The ripple effect of supply chain disruptions is important to companies of all sizes, according to Nancy Sher Cohen, a partner with law firm Proskauer Rose L.L.P. in Los Angeles.
“It is clear now that businesses are global, even if they are based in small-town America,” Ms. Cohen said. “Whatever business you have has a global reach. Couple that with the fact that there are natural disasters we can expect over time, and you can see the ripple effect over the world economy.”
The risk has grown in recent years as economies have become globalized and companies have relied on just-in-time inventories and outsourcing as they strive to become as efficient as possible, sources said.
Companies gain efficiencies by using such methods, “but the downside of it, obviously, is that you don't have control of the whole process anymore; it's not vertically integrated like it might have been several decades ago,” Mr. Strohl said.
As the supply chain exposure has gotten more attention, companies have grappled with how to cover it, experts said.
A lot of companies are under the impression that as long as their contracts with suppliers provide some protection against supply chain disruptions, “they don't have an issue,” said Randy L. Nornes, executive vp with Aon Risk Solutions in Chicago. But, as recent catastrophes have shown, it may be “the supplier of your supplier” where a disruption originates, he said.
The disruption could occur “even further down” the supply chain, said Nancy A. Green, Chicago-based executive vp, strategic account management at Aon Risk Solutions. Companies in many cases have not considered “how far down they need to manage the process,” she said.
In the aftermath of recent catastrophes, some companies have changed their approach to the supply chain exposure, sources said.
Many are reconsidering whether they should consolidate suppliers as a way to streamline their operations, said Gary S. Lynch, managing director and global leader of Marsh USA Inc.'s international trade and supply chain risk practice in Morristown, N.J. “There is definitely a reassessment of the speed at which they are moving to a kind of lean operation,” he said.
“It's great to take out inventory, synchronize the vendors and reduce the number of vendors,” he said, but those moves “complicate resiliency” when it comes to the supply chain.
As for consolidating suppliers, companies “are really thinking twice about that now” as the risks involved have come to the fore, Mr. Lynch said.
Risk managers often are not in a position to manage the risk. While most companies are aware of supply chain risks, “no one owns it” in many cases, Aon's Mr. Nornes said. “Nobody is really able to invest the time to actually look at it from an overall perspective.”
“Risk management is a great place to do that because they have the skill set to think about it that way,” he said.
But that generally is not the case, Willis' Mr. Strohl said. “It really hasn't been in their purview,” he said of risk managers. Instead, the responsibility generally has gone to “the people in the company who are responsible for sourcing product” because they are the ones establishing supplier relationships, he said.

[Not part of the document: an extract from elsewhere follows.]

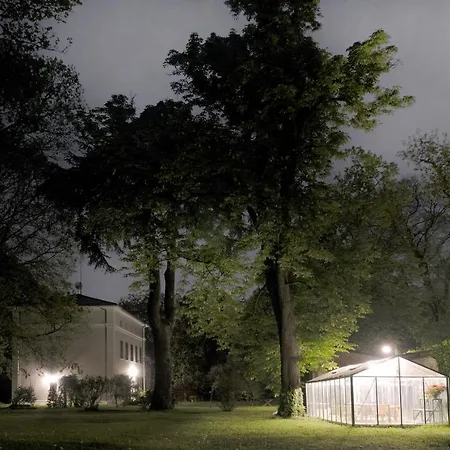 Apartment Certosa Di Wonderful X12! Ferrara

“If you did this in a perfect world, what you would want is someone to project-manage the supply chain risk issue,” said Mr. Nornes. “This is where you need someone to raise their hand and say, "I'll run point on it, I'll meet with all the people who are connected—head of supply chain, logistics, operations, whatever the pieces are in a given company'” to manage the risk, he said.
Holly Daley, director, global risk management at Hitachi Data Systems Corp. in Santa Clara, Calif., said during a session at the conference that she has spent the past several years doing just that.
She said she has involved legal, tax, logistics and other departments “to bring the team together” to understand the supply chain exposure and its potential impact on Hitachi Data Systems.